INSTRUCTIONS TO FOLLOW: Write out exactly the lines running from the line that includes "Tort czekoladowo-truskawkowy Tort" to the end of the data, both ends included, and nothing besides.

(Short descriptive text snippets)
____
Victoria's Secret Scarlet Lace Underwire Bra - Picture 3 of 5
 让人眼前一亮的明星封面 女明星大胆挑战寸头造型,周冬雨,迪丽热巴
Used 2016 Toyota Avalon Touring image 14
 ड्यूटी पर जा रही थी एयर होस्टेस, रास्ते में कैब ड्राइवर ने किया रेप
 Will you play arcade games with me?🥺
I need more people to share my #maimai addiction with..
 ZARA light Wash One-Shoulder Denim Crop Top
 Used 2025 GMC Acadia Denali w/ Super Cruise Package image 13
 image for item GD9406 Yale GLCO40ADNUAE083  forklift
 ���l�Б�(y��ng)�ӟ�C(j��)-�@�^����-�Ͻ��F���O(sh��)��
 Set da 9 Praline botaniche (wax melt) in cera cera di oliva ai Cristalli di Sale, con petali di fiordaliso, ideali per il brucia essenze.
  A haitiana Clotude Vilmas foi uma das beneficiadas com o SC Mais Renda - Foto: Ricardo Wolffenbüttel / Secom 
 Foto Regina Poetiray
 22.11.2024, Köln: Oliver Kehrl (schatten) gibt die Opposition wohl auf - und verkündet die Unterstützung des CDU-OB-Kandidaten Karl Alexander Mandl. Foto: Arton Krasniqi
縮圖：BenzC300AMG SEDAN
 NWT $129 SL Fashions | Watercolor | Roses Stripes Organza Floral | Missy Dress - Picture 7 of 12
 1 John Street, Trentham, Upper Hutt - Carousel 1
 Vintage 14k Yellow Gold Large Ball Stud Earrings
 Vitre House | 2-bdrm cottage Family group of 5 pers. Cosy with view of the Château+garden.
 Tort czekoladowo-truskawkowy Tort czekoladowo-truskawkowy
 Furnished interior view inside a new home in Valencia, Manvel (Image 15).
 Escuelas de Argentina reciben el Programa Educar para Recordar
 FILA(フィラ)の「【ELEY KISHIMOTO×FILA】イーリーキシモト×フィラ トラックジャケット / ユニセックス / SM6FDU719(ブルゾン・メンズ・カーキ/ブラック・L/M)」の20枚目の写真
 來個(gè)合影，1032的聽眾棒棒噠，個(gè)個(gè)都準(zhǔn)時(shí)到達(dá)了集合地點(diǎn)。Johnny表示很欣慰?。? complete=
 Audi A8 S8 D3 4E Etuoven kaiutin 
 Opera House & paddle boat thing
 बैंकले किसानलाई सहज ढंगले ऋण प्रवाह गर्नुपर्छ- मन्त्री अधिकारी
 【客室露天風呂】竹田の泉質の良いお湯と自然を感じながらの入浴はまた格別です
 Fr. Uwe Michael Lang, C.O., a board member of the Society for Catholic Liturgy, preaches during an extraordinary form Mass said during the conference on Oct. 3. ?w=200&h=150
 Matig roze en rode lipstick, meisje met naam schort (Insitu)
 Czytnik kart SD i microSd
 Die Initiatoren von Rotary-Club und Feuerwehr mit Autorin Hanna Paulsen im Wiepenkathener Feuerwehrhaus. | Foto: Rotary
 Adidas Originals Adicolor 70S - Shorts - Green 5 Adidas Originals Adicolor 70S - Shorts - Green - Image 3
____
THE COMPLETED TASK:
 Tort czekoladowo-truskawkowy Tort czekoladowo-truskawkowy
 Furnished interior view inside a new home in Valencia, Manvel (Image 15).
 Escuelas de Argentina reciben el Programa Educar para Recordar
 FILA(フィラ)の「【ELEY KISHIMOTO×FILA】イーリーキシモト×フィラ トラックジャケット / ユニセックス / SM6FDU719(ブルゾン・メンズ・カーキ/ブラック・L/M)」の20枚目の写真
 來個(gè)合影，1032的聽眾棒棒噠，個(gè)個(gè)都準(zhǔn)時(shí)到達(dá)了集合地點(diǎn)。Johnny表示很欣慰?。? complete=
 Audi A8 S8 D3 4E Etuoven kaiutin 
 Opera House & paddle boat thing
 बैंकले किसानलाई सहज ढंगले ऋण प्रवाह गर्नुपर्छ- मन्त्री अधिकारी
 【客室露天風呂】竹田の泉質の良いお湯と自然を感じながらの入浴はまた格別です
 Fr. Uwe Michael Lang, C.O., a board member of the Society for Catholic Liturgy, preaches during an extraordinary form Mass said during the conference on Oct. 3. ?w=200&h=150
 Matig roze en rode lipstick, meisje met naam schort (Insitu)
 Czytnik kart SD i microSd
 Die Initiatoren von Rotary-Club und Feuerwehr mit Autorin Hanna Paulsen im Wiepenkathener Feuerwehrhaus. | Foto: Rotary
 Adidas Originals Adicolor 70S - Shorts - Green 5 Adidas Originals Adicolor 70S - Shorts - Green - Image 3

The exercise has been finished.